On Saturday night, we celebrated Dad’s 20th year in the ministry. Twenty years. That’s a long time to tend the flock. He’s led two incredible parishes, including one through an arsonist’s church fire eleven years ago. He’s married, buried, counseled and consoled, all with the kind of grace and humility that proves he was born to do this work. We had much to celebrate and we did just that in typical Anderson family style. With food and wine, and each other.
I have to give Mom credit for planning the menu. Sharon wasn’t home yet and I was in New York with friends until that afternoon. In fact, the accidental perfectness of her menu was lost on us until nearly half-way through the meal. As we celebrated two decades of greatness, the evening was in every way a throwback to the 1980s.
We started with Kir Royales (in Desert Rose champagne flutes, a wedding gift) and Mom’s famous Union Square Bar Nuts. We sipped, we lovingly reminisced, we crudely joked and we finished some last-minute dinner preparations around our kitchen island.
When we’d drained our glasses and migrated to the dining room we started the meal with shrimp-stuffed artichokes straight from Mrs. Child herself, an Anderson family classic popular in our house when Mom still had a perm, and stretch pants cum stirrups were cool (the first time). The occasion called for some special wine, and a 1990 bottle of Torremilanos saved for such an event was provided by Sharon’s beau from his days spent working in a wine shop.
Once we’d licked our gold-rimmed china plates clean, Mom and Dad fixed dinner plates in the kitchen: rack of lamb, slices of potato rosti, braised brussels sprouts with mustard butter, garlic-sauteed tomatoes and a sauce whose sweet/savoury balance was simply perfect for the palate. It was decadent and delicious, but not too rich or filling to stop us from moving on to the next course.
We had a small cheese board to accompany the main event, a twenty-year old bottle of Santenay Premier Cru Burgundy, a gift given to Mom and Dad four years before which had been decanting for several hours on the side table.
We were satiated, but not stuffed, leaving just enough room for molten chocolate cake with sugared raspberries to finish off the evening.
Gold-rimmed china, crystal, family silver, French cuisine, old family favorites, aged wine, it all felt so appropriate, such a great tribute to the era in which Dad started his ministry. And it was all so perfectly accidental.
Pam says
You’re right, Maggy. I didn’t realize until we were almost through dinner how much this menu was inspired by Julia Child and More Company, one of the books I cut my culinary teeth on nearly 30 years ago.
The contrast between then and now is striking. Take the rack of lamb, for example. Back then you bought them untrimmed, complete with the chine bone (I haven’t said that word in ages!) which the butcher would kindly remove.

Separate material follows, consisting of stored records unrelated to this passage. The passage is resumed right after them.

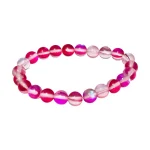 Гривна Розова Рейнбоу Аура Аква Кварц Гланц Топче 8 мм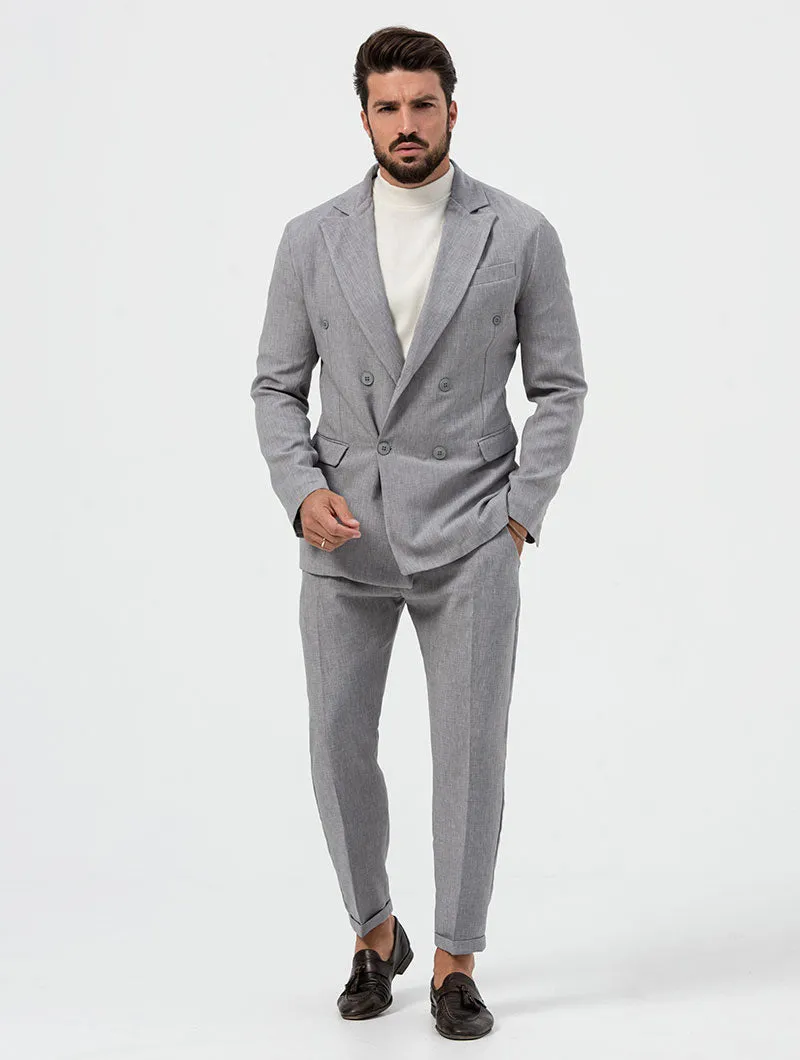 OSCAR DOUBLE BREASTED BLAZER IN GREY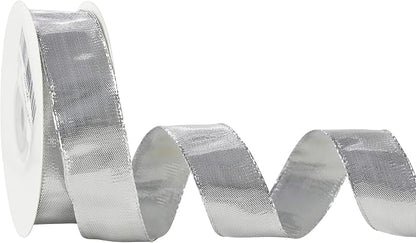 Silver Wired Woven Metallic Ribbon by MEEDEE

But there was more work to be done. If you smiled nicely, the butcher might remove the meat in between the bones, but if you wanted exquisite looking exposed ribs, it was your job to scrape them clean… and I always did.
That extra bit of meat and chine bone didn’t go to waste. You’d use the scraps to make stuffing for roasted tomatoes, and you’d simmer the chine bone to make a flavorful little sauce.
These days rack of lamb comes cryovac-packed with factory-Frenched bones. There is no chine bone for sauce making, no meat scraps for stuffing.
You could lament the past. Yes, the bones were nice, the scraps were great, and all that tedious preparation probably made me appreciate the experience more.
Now I sear the racks before roasting to produce enough drippings so that with a little chicken broth and balsamic vinegar, I’ve got a pretty flavorful sauce in just a few minutes. And compared with making a stuffing and seeding, salting, and draining tomato halves, my sauteed cherry tomatoes make a pretty tasty side dish.
Then? Now? I think I’m gonna go with now.
susan says
Congrats to David and Pam! This meal sounds so good I know I would have licked the gold-rimmed china plates too!
Sharon says
It was weird how old-school the meal was…by accident.
The way we eat, like everything about us, has changed over the years. It’s funny to think that we used to sit around and eat almost a whole baguette between the four of us–in addition to pasta and salad, and sometimes a bit of ice cream. We would never do that now…well, almost never. Maybe if we were on vacation.
Mom used to make chicken breasts with sides and pan sauces a lot, now whenever we eat that we can’t help but giggle at how mid-90’s that feels for us.
And back then, a dinner like the one we had the other night would have been the height of entertaining–shrimp-stuffed artichokes, gold china, kir royales. Nowadays it’s more like good wine, warm tapenade, and beef stew in rustic bowls or martinis, poor man’s sushi, and clam pasta.
Basically we’re waaaaay more fun and relaxed now…but it’s nice to throw it back sometimes. It’ll be interesting to read these posts in a few years and chuckle at ourselves then.
Anne Ritchings says
Sounds like a fabulous dinner. Congratulations on 20 years, David. I consider myself fortunate to have been your colleague for some of those years in Pennsylvania.